Industry Skillsets And Conformity Vs Academic Topics For Q3 2024

2 minute read

Published:

What topics are currently under focus?

I am building fundamentals in linear modeling, from multiple perspectives. Linear algebra, regression, decompositions, matrix multiplication, the statistics of regression, different forms of relevant adjacent and normal equations for regression. The thoughtprocess of the linear modeling problem. Covariate elimination using analysis of variances (ANOVA) and lasso. Ridge regression is a briefly studied and more edge-case for regression. I’d like to learn about canonical correlation analysis and other methods.

The objective of the regression focus is to perform compositional analysis on populations of bacteria represented in NGS datasets.

The approach used will be some hybrid of Cython, NumPy, CuPy, cublass-gemm, and Strassen multiplication. Under 200, I want to do Strassen on CPU. Over 200, I want to use cublass-gemm completely.

Why the sudden shift of focus?

Mostly a documentation and capture issue, but an old focus of the library was metagenomic applications and not just genomics and pure EDA. A shift of focus could address this tastefully and briefly without reorganizing too much time into initial implementation.

What is the scope and how about time estimate?

The scope is the Strassen multiplication, the regression and delegations, numpy cpu inversion, and then Strassen, numpy, or cublas-gemm mult.

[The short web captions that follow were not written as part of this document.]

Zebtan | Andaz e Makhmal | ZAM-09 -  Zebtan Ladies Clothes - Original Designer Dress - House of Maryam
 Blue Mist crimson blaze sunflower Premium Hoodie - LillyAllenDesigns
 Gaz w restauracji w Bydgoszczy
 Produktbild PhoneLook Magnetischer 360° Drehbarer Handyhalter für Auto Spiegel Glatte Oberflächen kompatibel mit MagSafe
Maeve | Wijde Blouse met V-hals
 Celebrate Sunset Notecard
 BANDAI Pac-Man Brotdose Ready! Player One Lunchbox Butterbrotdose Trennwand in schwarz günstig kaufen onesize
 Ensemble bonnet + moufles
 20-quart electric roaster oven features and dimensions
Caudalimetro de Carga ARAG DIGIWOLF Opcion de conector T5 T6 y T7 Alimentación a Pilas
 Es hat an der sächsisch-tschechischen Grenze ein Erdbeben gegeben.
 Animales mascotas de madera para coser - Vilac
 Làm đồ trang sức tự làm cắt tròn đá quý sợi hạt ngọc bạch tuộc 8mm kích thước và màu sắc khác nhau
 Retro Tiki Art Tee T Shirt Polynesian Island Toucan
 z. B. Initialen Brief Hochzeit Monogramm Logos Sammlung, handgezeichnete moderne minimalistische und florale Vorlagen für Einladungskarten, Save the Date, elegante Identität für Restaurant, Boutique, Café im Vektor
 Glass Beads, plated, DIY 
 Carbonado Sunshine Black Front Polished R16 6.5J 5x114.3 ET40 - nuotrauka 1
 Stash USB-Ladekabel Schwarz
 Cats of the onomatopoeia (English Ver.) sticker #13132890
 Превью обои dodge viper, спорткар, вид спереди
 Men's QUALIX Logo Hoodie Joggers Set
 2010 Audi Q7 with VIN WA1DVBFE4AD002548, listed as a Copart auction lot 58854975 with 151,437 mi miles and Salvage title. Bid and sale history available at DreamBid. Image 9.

Cublas doesn’t look extraordiarily viable, although only an hours woth of tinkering with chatgpt suggests that it is extraordinarily version dependent. I’d like to stick with numpy-blas delegated cpu matrix products for now. Othr options yet unimplemented include different NumPy mediated BLAS/LAPACK, IBM mlk, or other system linear algebra toolkit multiplications and then finally, the Strassen multiplication. I might decide to delegate (4x4 …) 3x3 or 2x2 matrix multiplications to NumPy beneath the Strassen implementation for speed. I might also produce additional wrappers with different styles of delegation and/or choices for implementation, but GPU multiplications don’t seem to be necessary at speed for any reason, nor do the multiplications seem necessarily amenable to on-GPU calculations.

What obstacles are there so far?

I’m having some issues with implicit or not-yet-obvious type conversions between C objects, Cython, and Python. Also, one or more libraries are cimported incorrectly. There are some general syntax issues. But the biggest obstacle is the Python-Cython transition without familiarity with sources of relevant documentation.